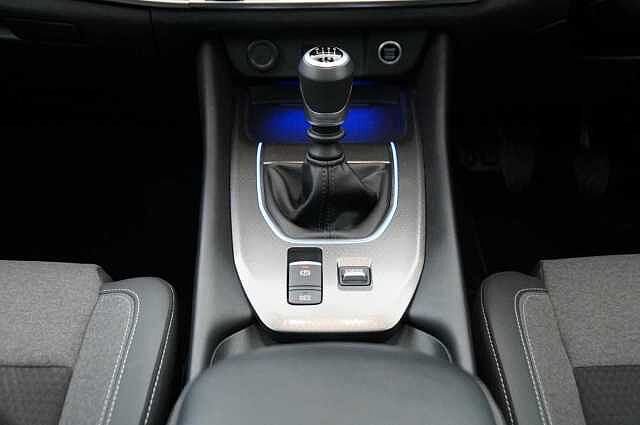 Nissan Qashqai 1.3 DIG-T MH 140 N-Connecta with Sat Nav and 360 View Cameras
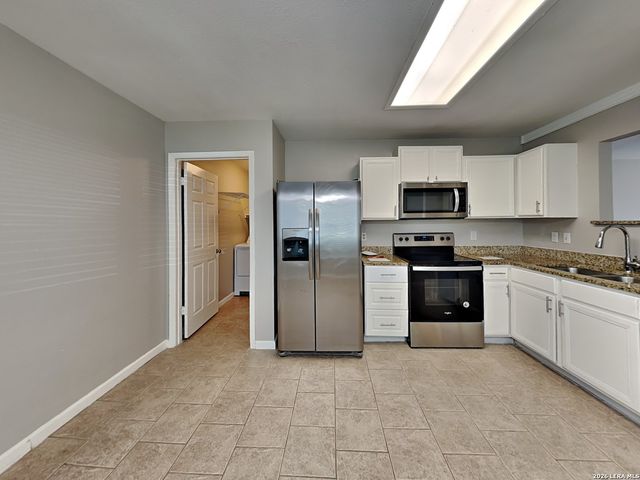 2814 Coast Plain, San Antonio, TX 78245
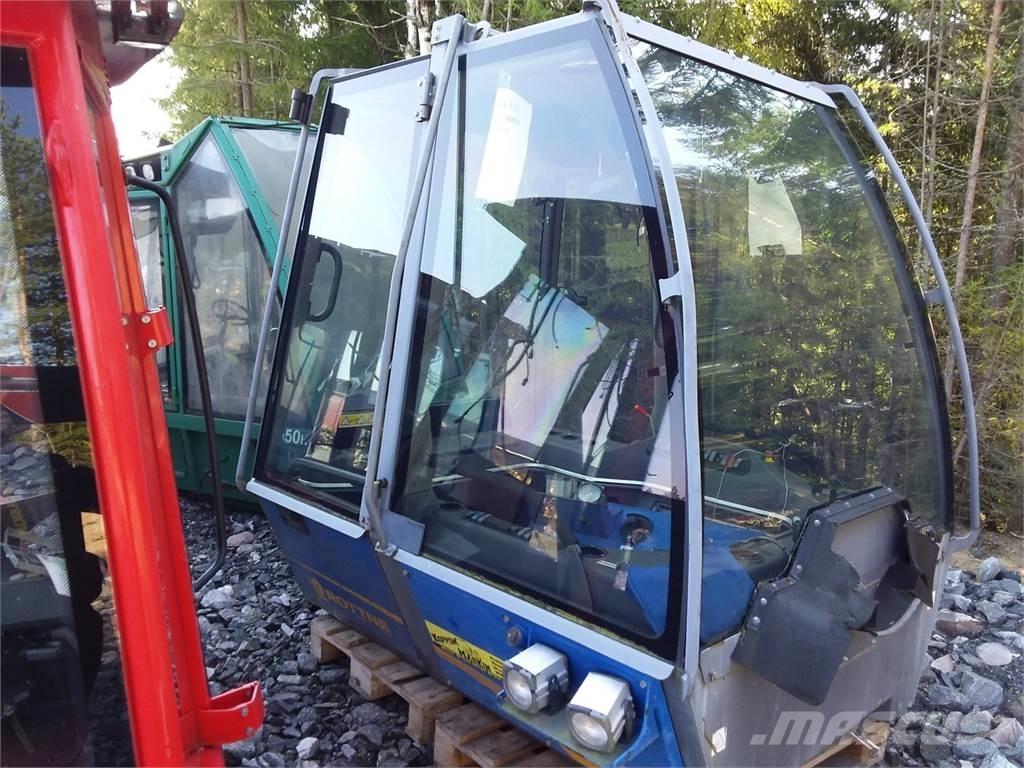 Rottne F18 Καμπίνες και εσωτερικό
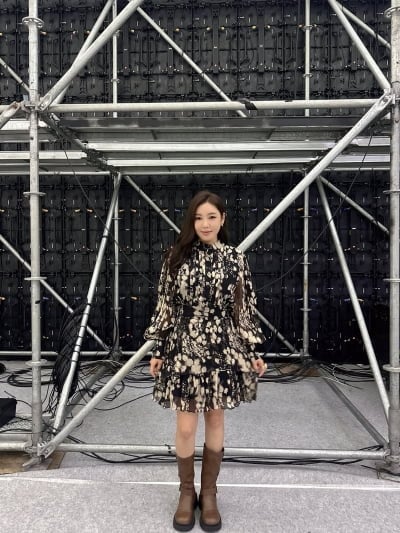 '40세' 송가인, '153cm·44kg'라더니…미니 원피스 입고 뽐낸 반전 기럭지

◆ **Work to complete**: Return the material from above in full, exactly as written, with the pictures omitted.

◆ **Solved exercise**:
 Nissan Qashqai 1.3 DIG-T MH 140 N-Connecta with Sat Nav and 360 View Cameras
 2814 Coast Plain, San Antonio, TX 78245
 Rottne F18 Καμπίνες και εσωτερικό
 '40세' 송가인, '153cm·44kg'라더니…미니 원피스 입고 뽐낸 반전 기럭지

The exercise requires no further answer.